_GOAL OF THE EXERCISE_.
Word for word, repeat all the entries below, but without the pictures.

_DATASET RECORDS_.
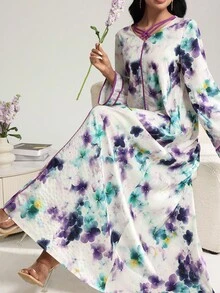 Al Najma V 领撞色绑带花卉印花连衣裙 - 彩色 - 查看 1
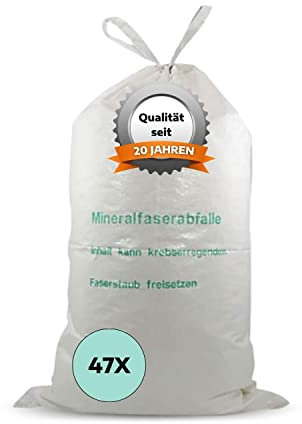 AWOTEX Mineralwolle Säcke mit Hebeschlaufe 45 Stück I Säcke für Mineralwolle 140 x 220 cm I Mineralwolle Entsorgungssack mit Aufdruck 0,7 cbm I Mineralwolle Sack für Mineralfaser-Abfälle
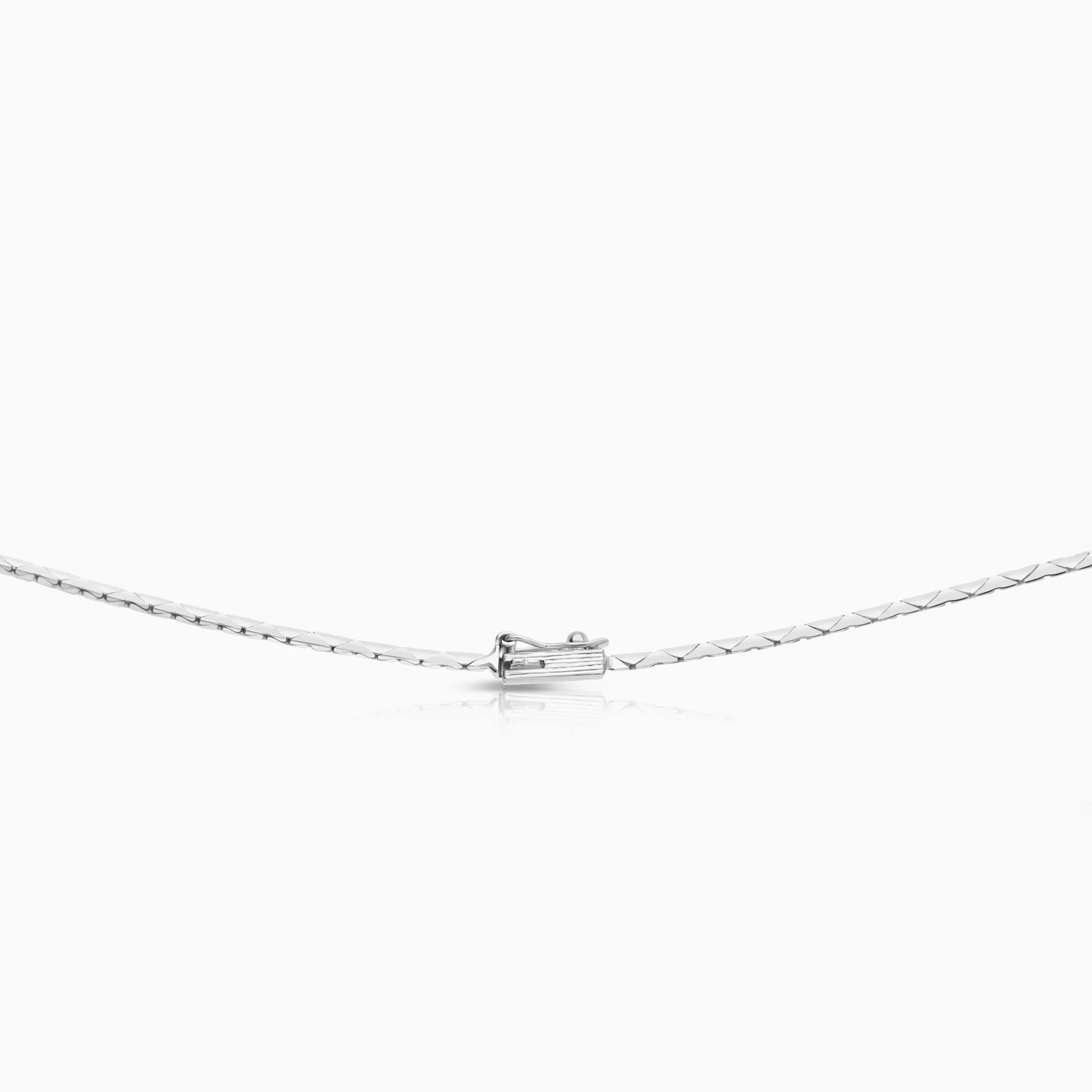Gemstone necklace sapphires and diamonds 0.15ct 18K white gold - Image 2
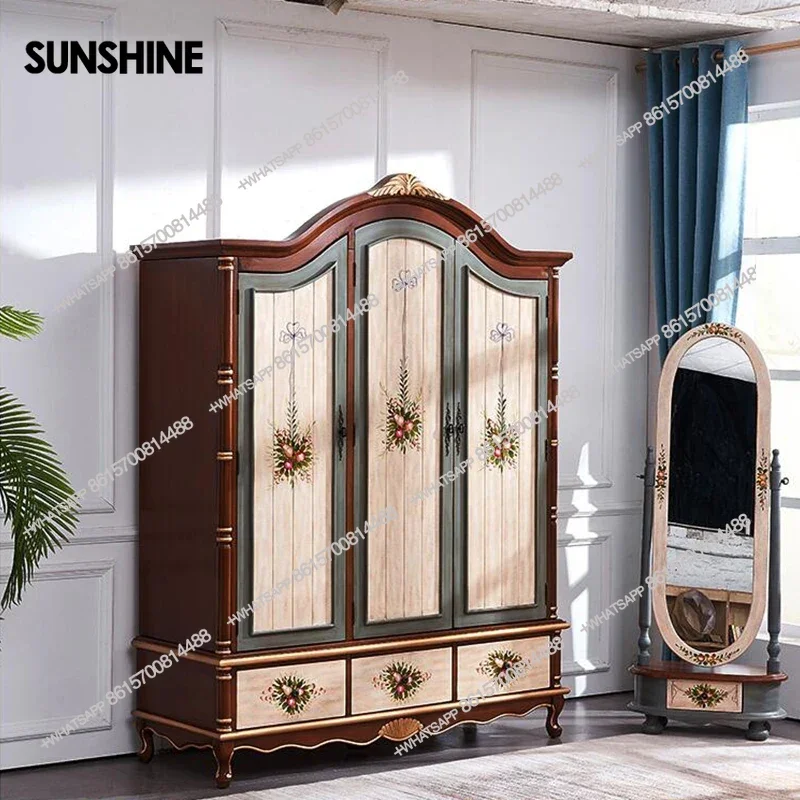 Nordic Vintage Wood Wardrobes Orgnizer Aesthetic Wooden Bedroom Wardrobes Clothes Display Drawer Guarda Roupa Furniture Home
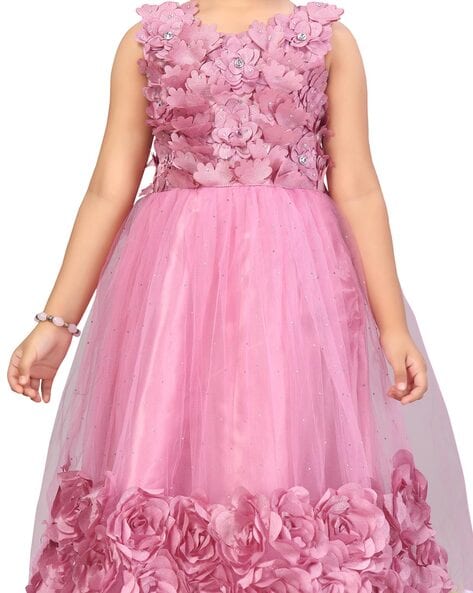 flower applique sleeveless pink dress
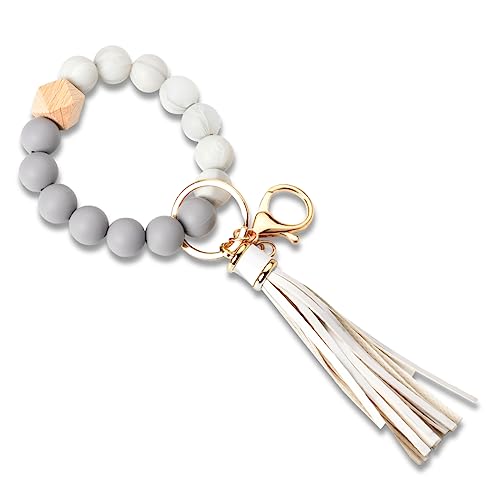 Silicone Key Ring Bracelet Wristlet Keychain for Women With Leather Tassels - Bead Keychain Holder for Girls - Wedding, Graduation, Birthday Gifts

_REPLY_.
 Al Najma V 领撞色绑带花卉印花连衣裙 - 彩色 - 查看 1
 AWOTEX Mineralwolle Säcke mit Hebeschlaufe 45 Stück I Säcke für Mineralwolle 140 x 220 cm I Mineralwolle Entsorgungssack mit Aufdruck 0,7 cbm I Mineralwolle Sack für Mineralfaser-Abfälle
Gemstone necklace sapphires and diamonds 0.15ct 18K white gold - Image 2
 Nordic Vintage Wood Wardrobes Orgnizer Aesthetic Wooden Bedroom Wardrobes Clothes Display Drawer Guarda Roupa Furniture Home
 flower applique sleeveless pink dress
 Silicone Key Ring Bracelet Wristlet Keychain for Women With Leather Tassels - Bead Keychain Holder for Girls - Wedding, Graduation, Birthday Gifts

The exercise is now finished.